Download multiple PDFs in parallel using ThreadPoolExecutor.

Parameters:

Name	Type	Description	Default
`session`	`Session`	requests.Session for HTTP requests.	required
`user_id`	`str`	Zotero user ID.	required
`api_key`	`str`	Zotero API key.	required
`attachment_item_map`	`dict[str, str]`	Mapping of attachment_key to parent item_key.	required
`kwargs`		max_workers (int, optional): Maximum number of worker threads (default: min(10, n)). chunk_size (int, optional): Chunk size for streaming.	`{}`

Returns:

Type	Description
`dict[str, tuple[str, str, str]]`	Mapping of parent item_key to (local_file_path, filename, attachment_key).
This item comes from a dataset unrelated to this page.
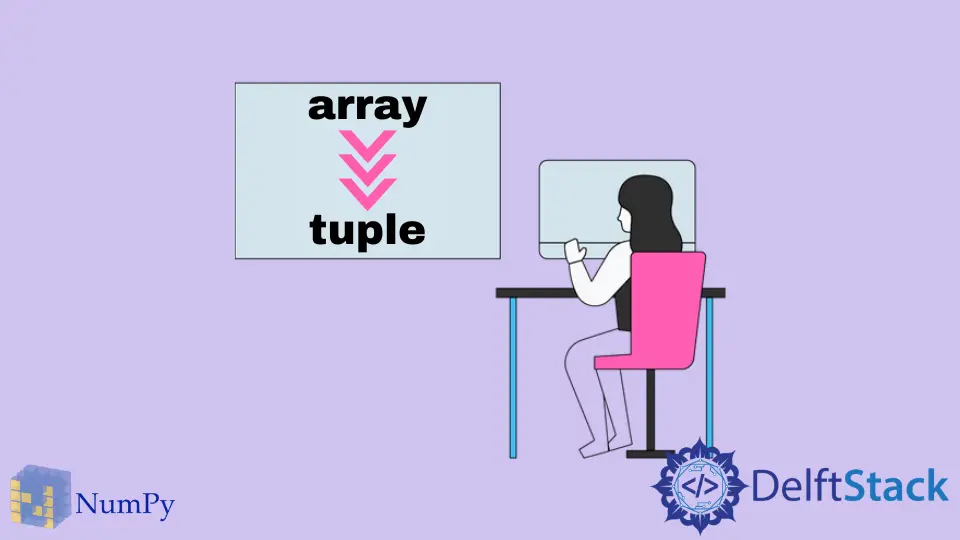 将 NumPy 数组转换为元组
Source code in aiagents4pharma/talk2scholars/tools/zotero/utils/zotero_pdf_downloader.py

def download_pdfs_in_parallel(
    session: requests.Session,
    user_id: str,
    api_key: str,
    attachment_item_map: dict[str, str],
    **kwargs,
) -> dict[str, tuple[str, str, str]]:
    """
    Download multiple PDFs in parallel using ThreadPoolExecutor.

    Args:
        session: requests.Session for HTTP requests.
        user_id: Zotero user ID.
        api_key: Zotero API key.
        attachment_item_map: Mapping of attachment_key to parent item_key.
        kwargs:
            max_workers (int, optional): Maximum number of worker threads (default: min(10, n)).
            chunk_size (int, optional): Chunk size for streaming.

    Returns:
        Mapping of parent item_key to (local_file_path, filename, attachment_key).
    """
    # Extract optional parameters
    max_workers = kwargs.get("max_workers")
    chunk_size = kwargs.get("chunk_size")
    # Log configured parameters for verification
    logger.info(
        "download_pdfs_in_parallel params -> max_workers=%s, chunk_size=%s",
        max_workers,
        chunk_size,
    )
    results: dict[str, tuple[str, str, str]] = {}
    if not attachment_item_map:
        return results

    with concurrent.futures.ThreadPoolExecutor(
        max_workers=(max_workers if max_workers is not None else min(10, len(attachment_item_map)))
    ) as executor:
        future_to_keys = {
            executor.submit(
                download_zotero_pdf,
                session,
                user_id,
                api_key,
                attachment_key,
                chunk_size=chunk_size,
            ): (attachment_key, item_key)
            for attachment_key, item_key in attachment_item_map.items()
        }

        for future in concurrent.futures.as_completed(future_to_keys):
            attachment_key, item_key = future_to_keys[future]
            try:
                res = future.result()
                if res:
                    results[item_key] = (*res, attachment_key)
            except (requests.exceptions.RequestException, OSError) as e:
                logger.error("Failed to download PDF for key %s: %s", attachment_key, e)

    return results

`download_zotero_pdf(session, user_id, api_key, attachment_key, **kwargs)`

Download a PDF from Zotero by attachment key.

Parameters:

Name	Type	Description	Default
`session`	`Session`	requests.Session for HTTP requests.	required
`user_id`	`str`	Zotero user ID.	required
`api_key`	`str`	Zotero API key.	required
`attachment_key`	`str`	Zotero attachment item key.	required
`kwargs`		timeout (int): Request timeout in seconds (default: 10). chunk_size (int, optional): Chunk size for streaming.	`{}`

Returns:

Type	Description
`tuple[str, str] \| None`	Tuple of (local_file_path, filename) if successful, else None.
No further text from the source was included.